R: removing the last three dots from a string - regex

I have a text data file that I likely will read with readLines. The initial portion of each string contains a lot of gibberish followed by the data I need. The gibberish and the data are usually separated by three dots. I would like to split the strings after the last three dots, or replace the last three dots with a marker of some sort telling R to treat everything to the left of those three dots as one column.
Here is a similar post on Stackoverflow that will locate the last dot:
R: Find the last dot in a string
However, in my case some of the data have decimals, so locating the last dot will not suffice.

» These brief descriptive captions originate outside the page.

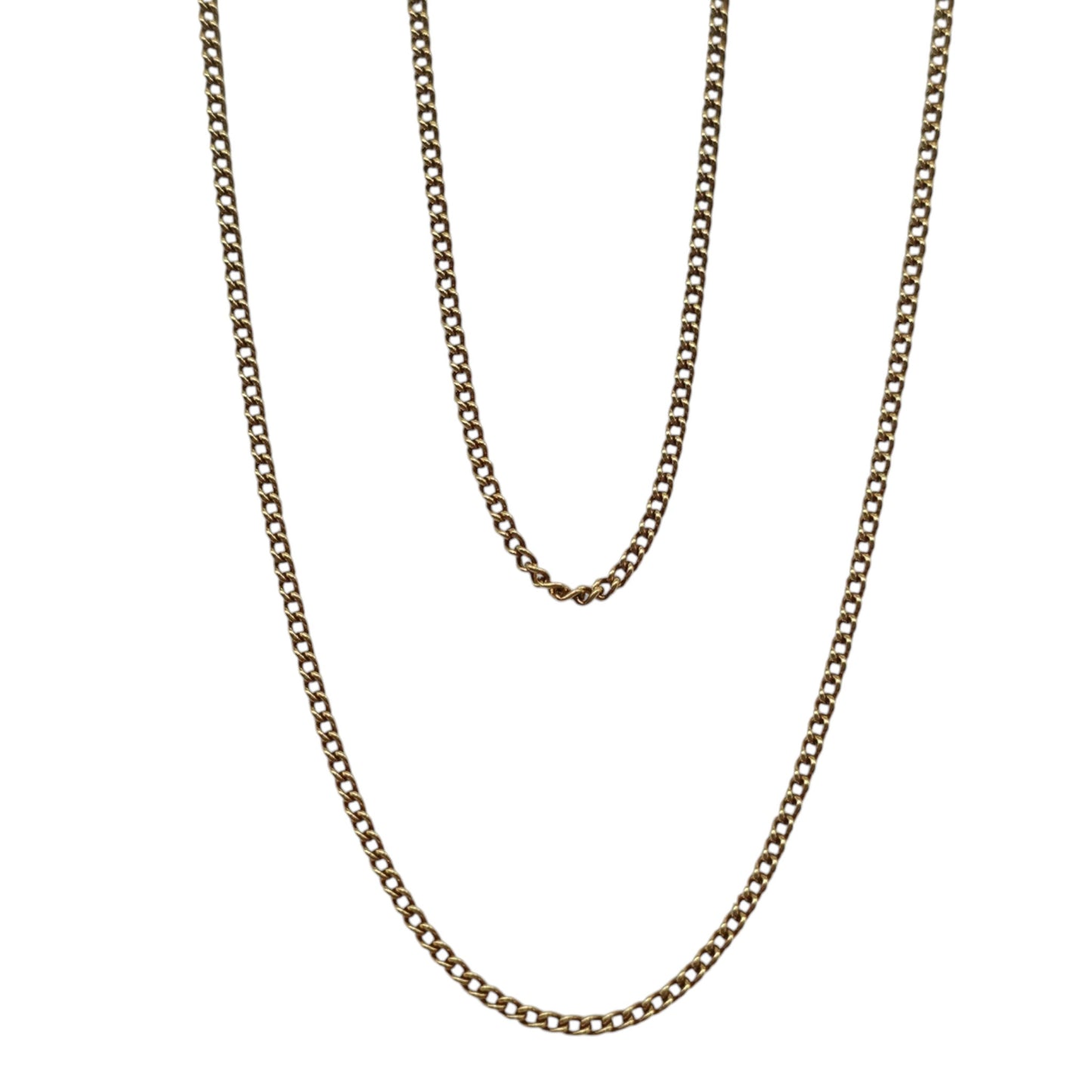 18ct 750 Yellow Gold Fine Curb Link Chain L 42.6 cm 2.4 g.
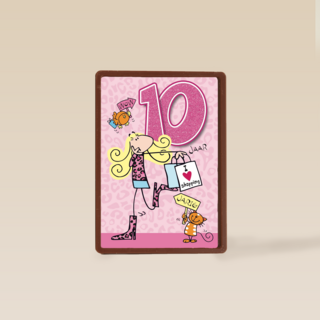 verjaardag leeftijden 10 jaar roze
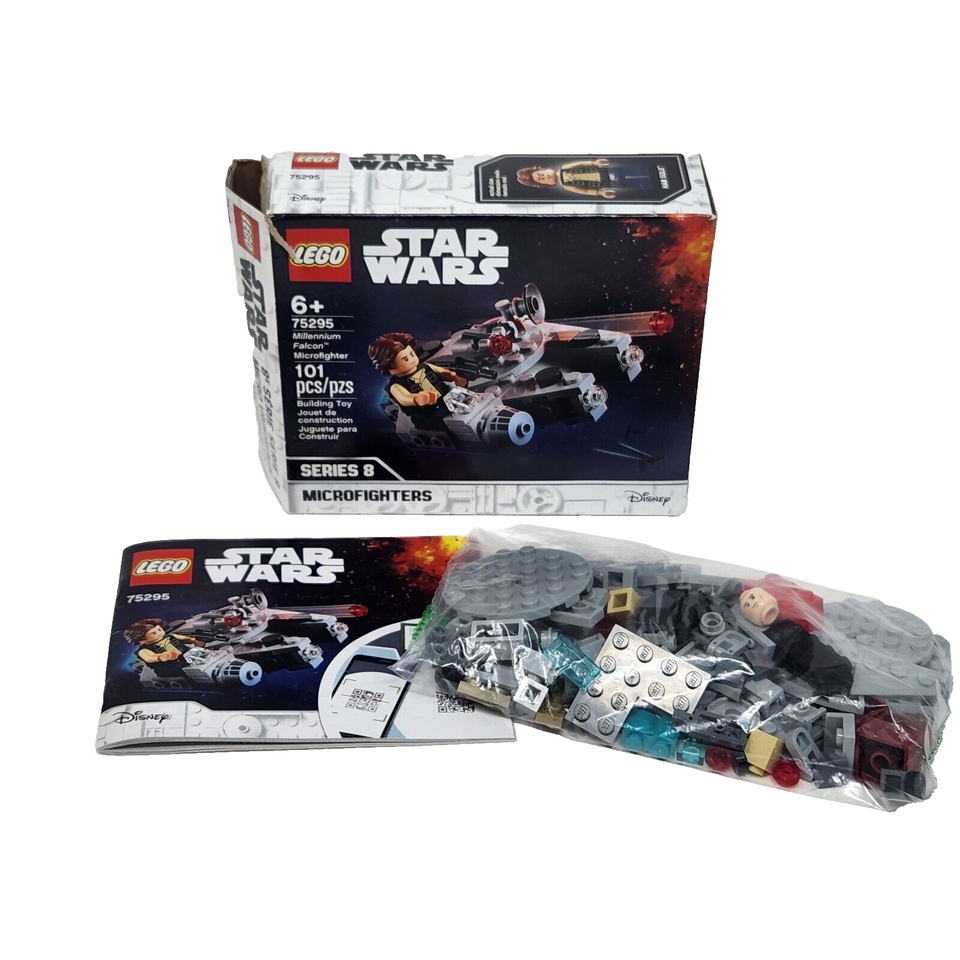 LEGO STAR WARS MILLENNIUM FALCON MICROFIGHTER # 75295 OPEN 100% COMPLETE... - $23.75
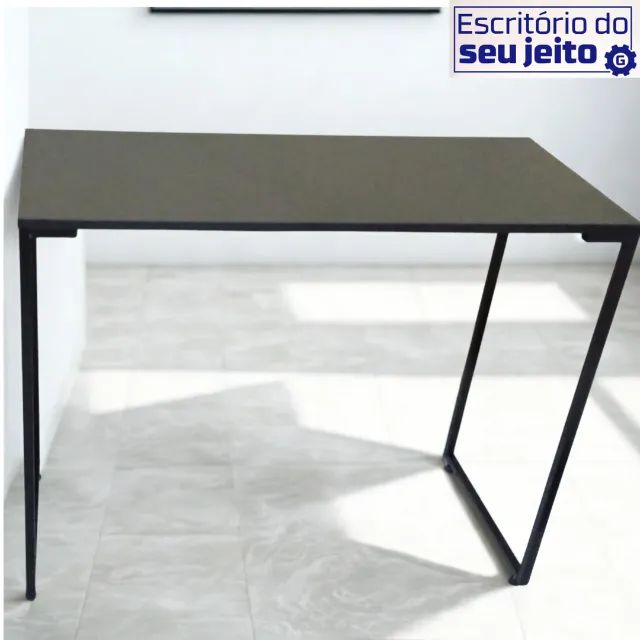 Mesa de Escritório NOVA Multiuso Estilo Industrial  para Notebook Computador de Estudo - Foto 4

Also, I think ... has a special meaning in R, which might be complicating the issue. Another potential complication is that some of the dots are bigger than others. Also, in some lines one of the three dots was replaced with a comma.
In addition to gregexpr in the post above I have tried using gsub, but cannot figure out the solution.
Here is an example data set and the outcome I hope to achieve:
aa = matrix(c(
'first string of junk... 0.2 0 1',
'next string ........2 0 2',
'%%%... ! 1959 ... 0 3 3',
'year .. 2 .,. 7 6 5',
'this_string is . not fine .•. 4 2 3'),
nrow=5, byrow=TRUE,
dimnames = list(NULL, c("C1")))
aa <- as.data.frame(aa, stringsAsFactors=F)
aa
# desired result
# C1 C2 C3 C4
# 1 first string of junk 0.2 0 1
# 2 next string ..... 2 0 2
# 3 %%%... ! 1959 0 3 3
# 4 year .. 2 7 6 5
# 5 this_string is . not fine 4 2 3
I hope this question is not considered too specific. The text data file was created using the steps outlined in my post from yesterday about reading an MSWord file in R.
Some of the lines do not contain gibberish or three dots, but only data. However, that might be a complication for a follow up post.
Thank you for any advice.

This does the trick, though not especially elegant...
options(stringsAsFactors = FALSE)
# Search for three consecutive characters of your delimiters, then pull out
# all of the characters after that
# (in parentheses, represented in replace by \\1)
nums <- as.vector(gsub(aa$C1, pattern = "^.*[.,•]{3}\\s*(.*)", replace = "\\1"))
# Use strsplit to break the results apart at spaces and just get the numbers
# Use unlist to conver that into a bare vector of numbers
# Use matrix(, nrow = length(x)) to convert it back into a
# matrix of appropriate length
num.mat <- do.call(rbind, strsplit(nums, split = " "))
# Mash it back together with your original strings
result <- as.data.frame(cbind(aa, num.mat))
# Give it informative names
names(result) <- c("original.string", "num1", "num2", "num3")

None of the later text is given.